Grease-mixed lubrication of double circular-arc spiral bevel gears for nutation drive considering shaft misalignment

Double circular-arc spiral bevel gears for nutation drive are characterized by their compact structure, small size, large transmission ratio, and exceptional load-bearing capacity. The gear is suitable for industrial robotic joint reducers. Grease lubrication is widely adopted to avoid the need for bulky oil reservoirs due to the spatial constraints in robotic joint reducers. This paper establishes for the first time a grease-mixed elastohydrodynamic lubrication model of double circular-arc spiral bevel gears for nutation drive based on the Ostwald grease lubrication rheological model.
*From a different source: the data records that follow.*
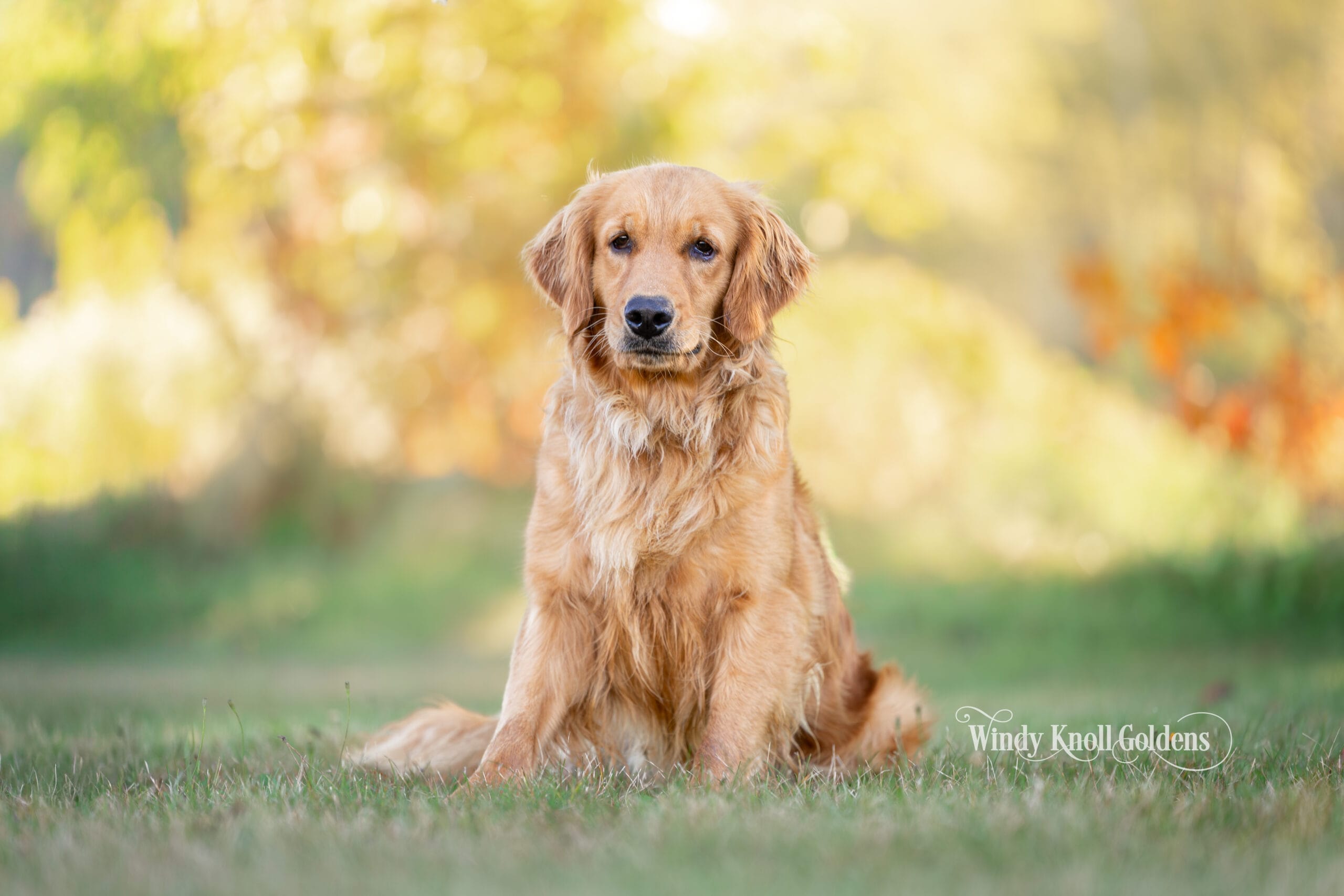 Amber sitting in the grass with her ears up and the wave showing in her coat, autumn color blurred in the trees behind her at Windy Knoll Goldens in Bradford, Maine.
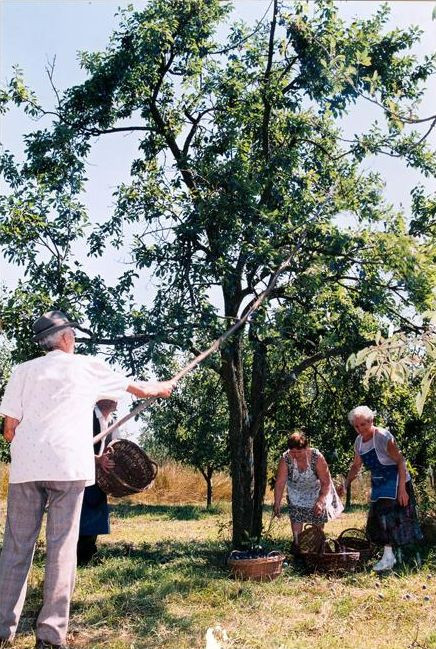 Vajon egyeznek az elképzelések a szilva további sorsát illetően 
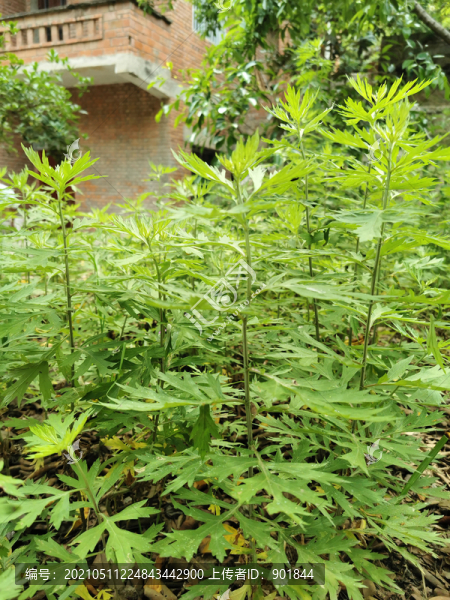 菊科野生植物艾蒿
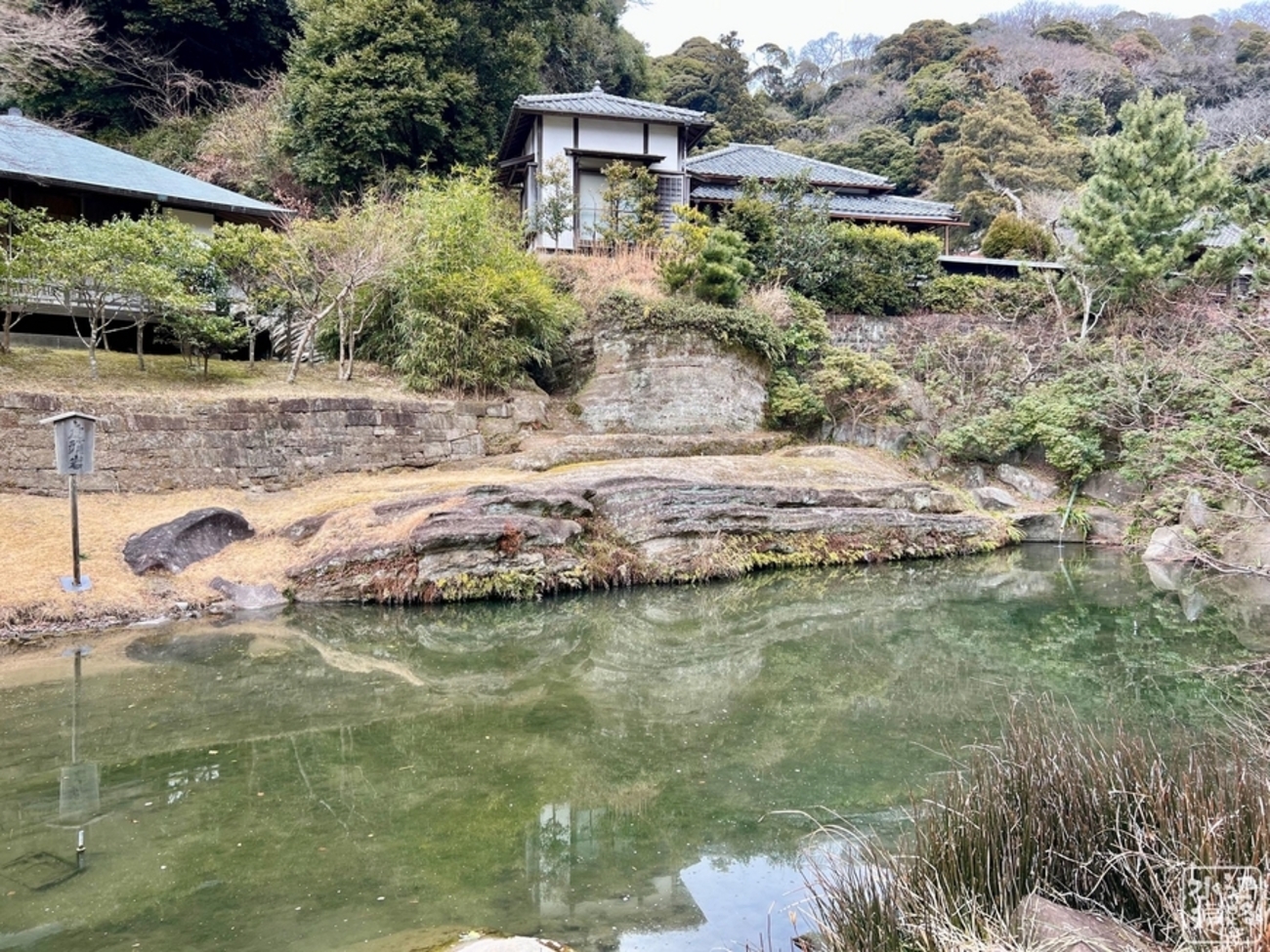 圓覚寺 妙香池（神奈川県鎌倉） - 水辺遍路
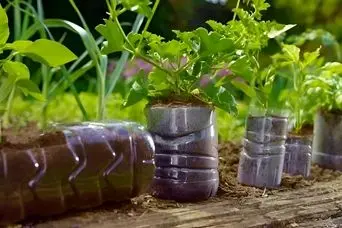 کاشت نعناع در بطری نوشابه ؛ ترفند ساده و کم‌هزینه برای داشتن نعناع تازه در خانه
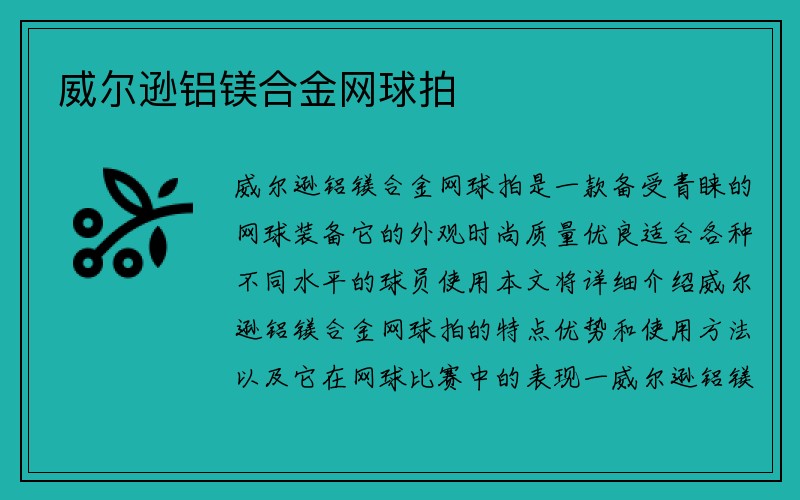 威尔逊铝镁合金网球拍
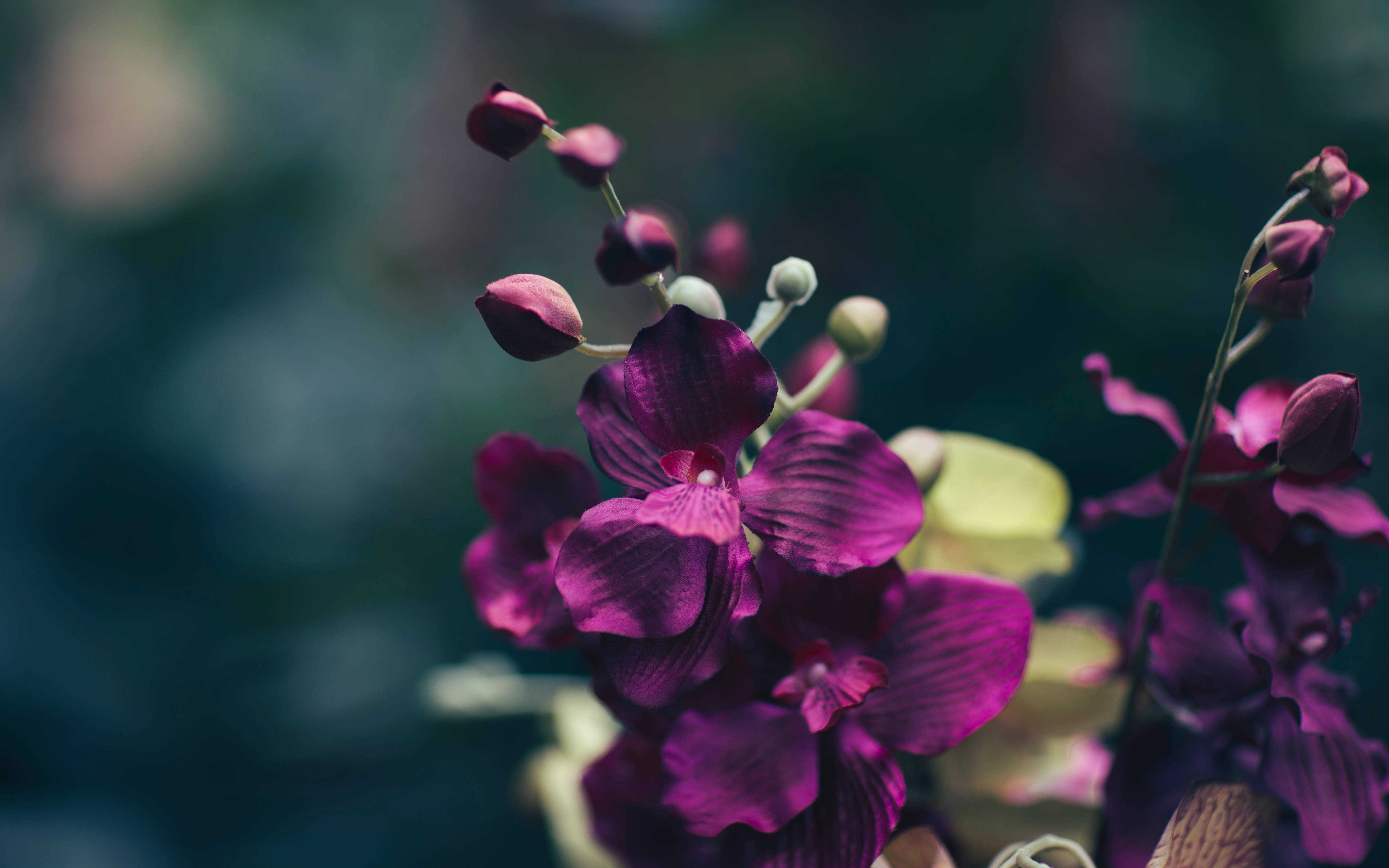 Mov floral întunecat Fundal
The model's accuracy is experimentally validated. The effects of shaft misalignment, rheological index, and rotational speed on the lubrication characteristics of the gear are analyzed. The results show that an appropriate positive shaft misalignment can increase film thickness, suppress the peaks of pressure and temperature rise, and mitigate edge contact effects. Moreover, a decrease in the rheological index m weakens the shear-thinning effects of the grease, thereby reducing the film thickness and increasing the risk of asperity squeezing. Boundary lubrication may occur at m  = 0.75. A decline in rotational speed n shifts the lubrication regime from full-film to mixed lubrication. At n  = 10 rpm, the necking phenomena of the film thickness disappear, resulting in oil film rupture and a transition of the gear into mixed lubrication.